| Task |
Only the lines from the one with "New Power Jack" to the end of the data, both ends included, should be output, exactly as they stand and without pictures.
:::::
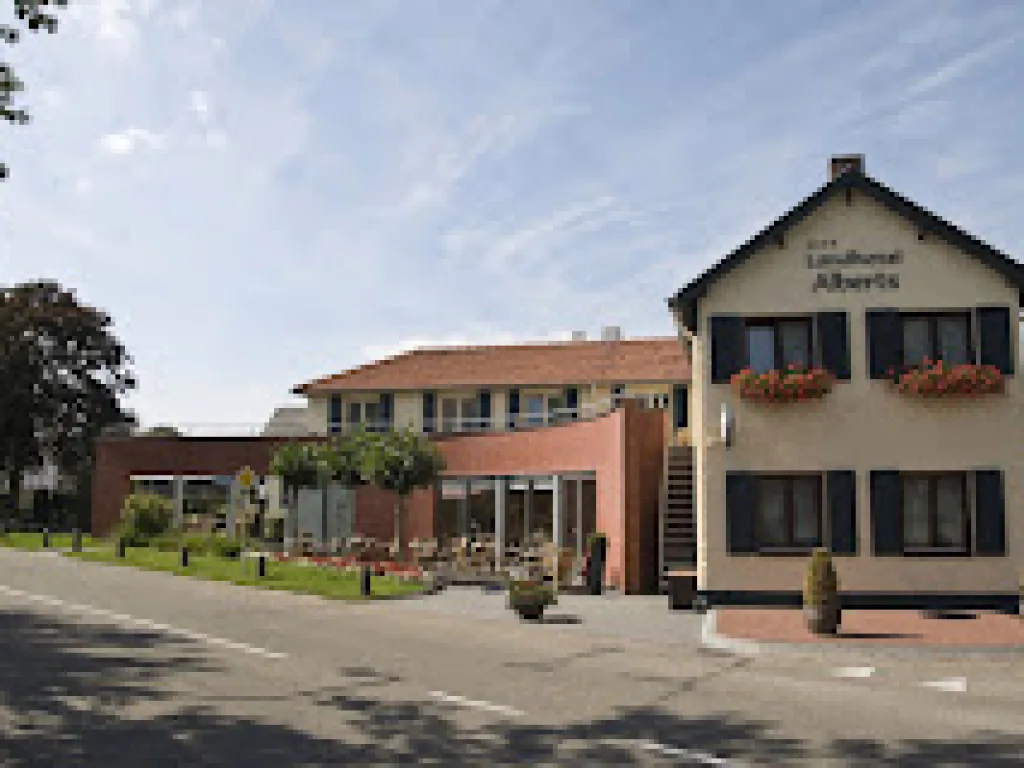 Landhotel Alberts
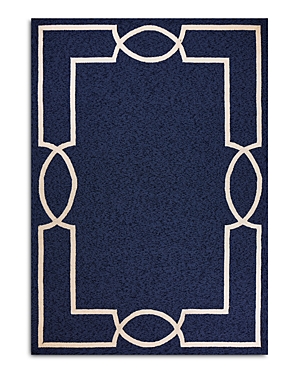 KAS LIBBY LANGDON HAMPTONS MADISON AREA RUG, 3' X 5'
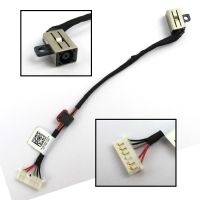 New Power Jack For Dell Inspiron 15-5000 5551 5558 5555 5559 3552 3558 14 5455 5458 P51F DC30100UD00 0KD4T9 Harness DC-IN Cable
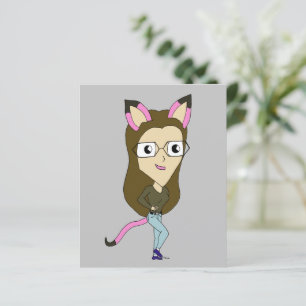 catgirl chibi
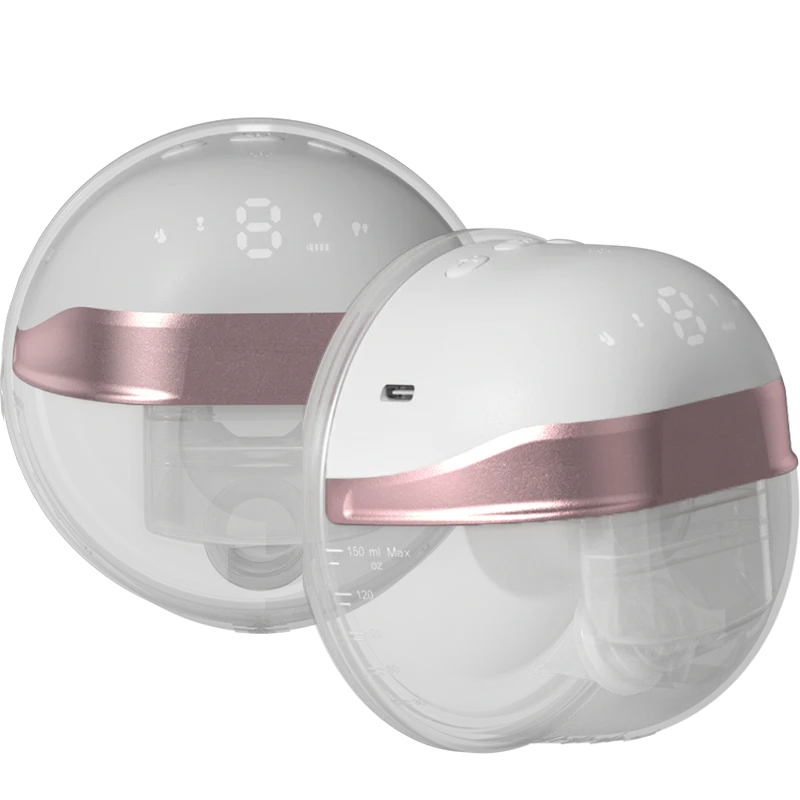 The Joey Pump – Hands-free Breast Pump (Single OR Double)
:::::
| Answer to this problem |
 New Power Jack For Dell Inspiron 15-5000 5551 5558 5555 5559 3552 3558 14 5455 5458 P51F DC30100UD00 0KD4T9 Harness DC-IN Cable
 catgirl chibi
 The Joey Pump – Hands-free Breast Pump (Single OR Double)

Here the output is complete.